Antibody reactivity profile of the intestinal IgA+ and IgG+ plasmablast repertoire. Overall, IgA+ and IgG+ plasmablasts in lamina propria of the terminal ileum showed similar reactivity profiles (Figure 5). On average, 26% of IgA and of IgG antibodies were polyreactive with diverse self and foreign antigens, including bacteria. Cross-reactivity with diverse bacterial strains in the absence of broad levels of polyreactivity was observed for 7% of IgA and 5% of IgG antibodies. We conclude that in total about one-third of IgA+ and IgG+ lamina propria plasmablast antibodies are polyreactive or cross-reactive with bacteria, whereas the majority of intestinal plasmablasts (66% of IgA+ and 70% of IgG+ cells) express nonpolyreactive and non-cross-reactive antibodies, including self-reactive antibodies that react with nuclear or intestinal tissue antigens and antibodies specific for common intestinal microbes and pathogens.

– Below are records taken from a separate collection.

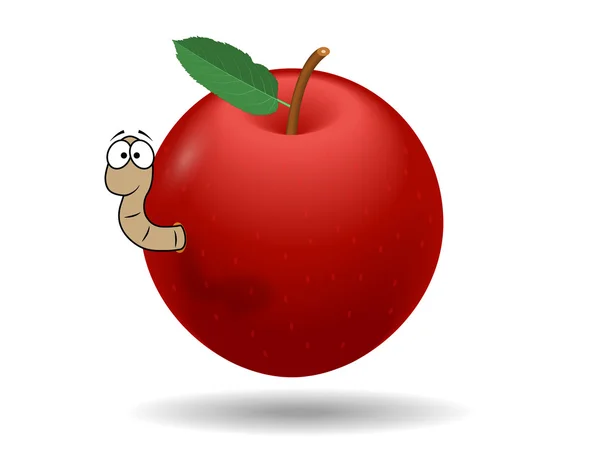 stock vector Red apple with worm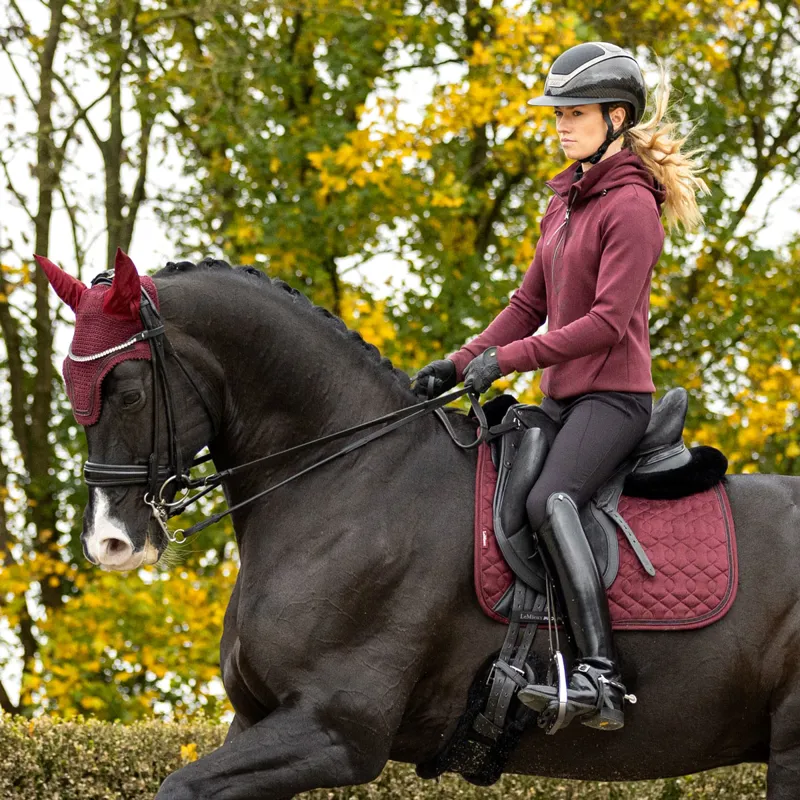 LeMieux Crystal Suede Dressage Saddlecloth - Burgundy-6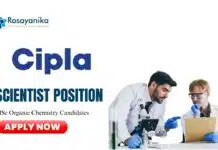 Latest MSc Chemistry Jobs at Cipla | Apply Now For The Scientist Role Latest MSc Chemistry Jobs at Cipla | Apply Now For The Scientist Role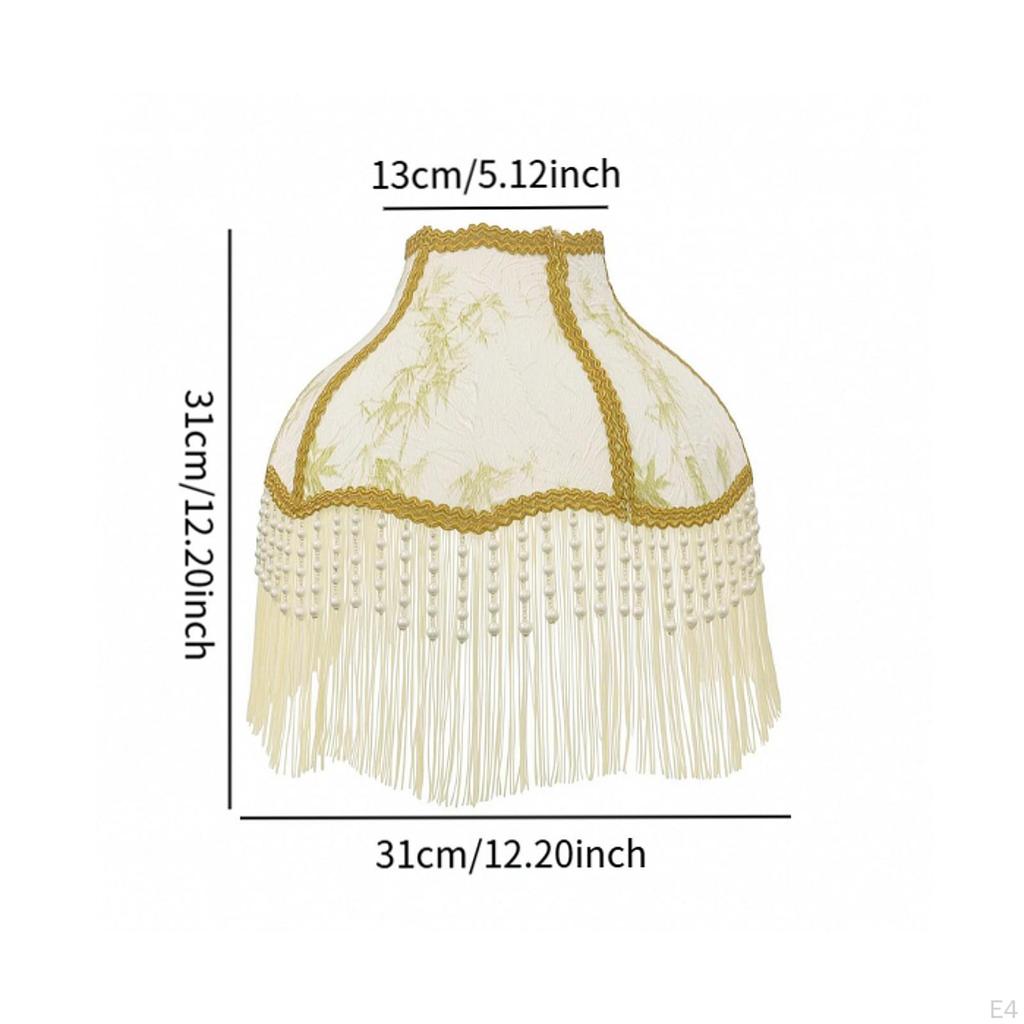 Bell Shape Scallop Lamp Shade Lampshade Handmade with Tassels Beads for Office Table Hotel Home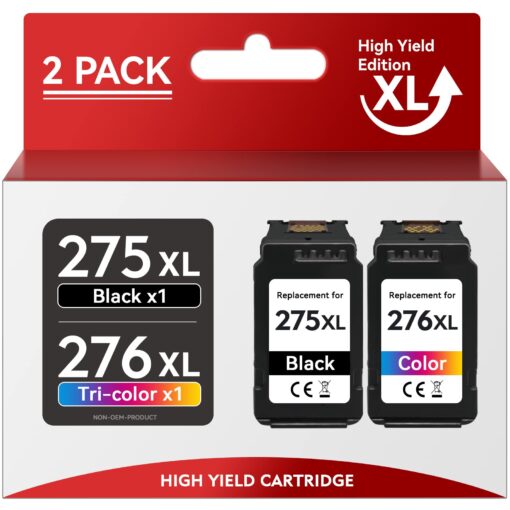 Printer Ink PG-275XL for Canon 275 and 276 Ink Cartridges Combo Pack Black/Color PG-275 CL-276 Fit for Pixma TR4720 TR4700 TR4722 TS3520 TS3522 TS3500 Printers (2 Pack)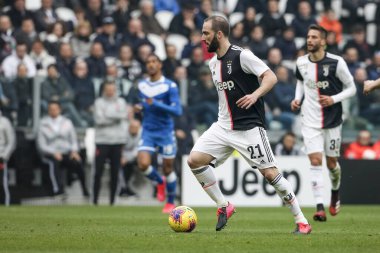 TURIN, ITALY - JANUARY 15, 2020: Gonzalo Higuain of Juventus FC scores the opening goal during the Coppa Italia football match between Juventus FC and Udinese Calcio.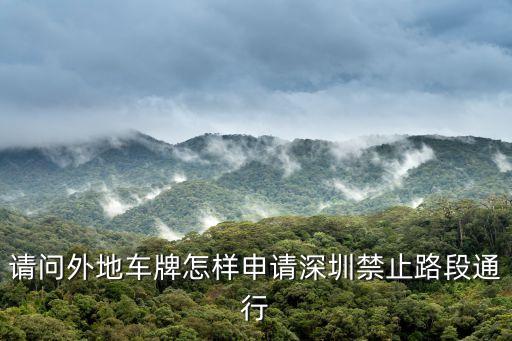 請問外地車牌怎樣申請深圳禁止路段通行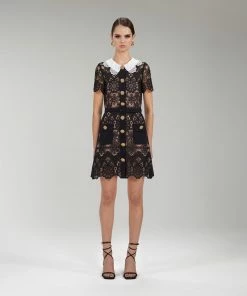 Self-portrait NEW ARRIVALS Black Floral Guipure Mini Dress
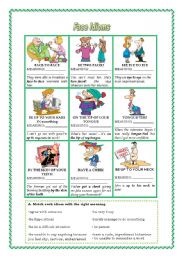 English Worksheet: FACE IDIOMS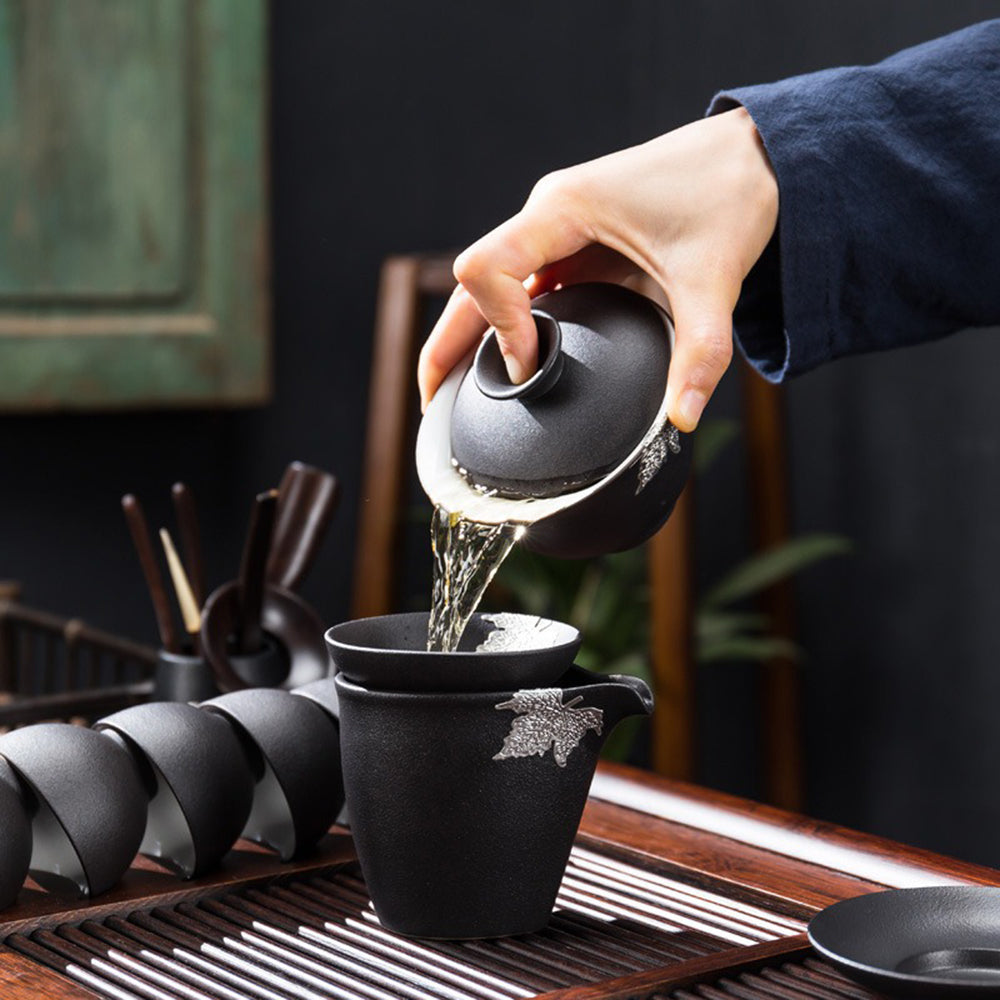 Japanese Black Pottery Tea Set With Tea Tray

Antibody reactivity of human IgA+ and IgG+ lamina propria plasmablasts.Figure 5

Antibody reactivity of human IgA+ and IgG+ lamina propria plasmablasts. Pie charts summarize the frequency of IgA+ and IgG+ plasmablasts of unknown specificity (white), of plasmablasts with specificity for intestinal microbes (blue, E. coli; yellow, M. morganii; red, E. cloacae; green, rotavirus) or self antigens (light gray, HEp-2 or intestinal tissue), and of unspecific bacteria-reactive (hatched dark gray) and polyreactive (black) plasmablasts as percentages of all tested IgA and IgG antibodies, respectively, from HD1–HD3. The number of tested antibodies is indicated in the pie chart centers.

In summary, the data suggest that the majority of intestinal IgA and IgG plasmablast antibodies are generated in a specific response to antigenic stimulation and do not show unspecific binding to intestinal microbes or are polyreactive with diverse self and foreign antigens.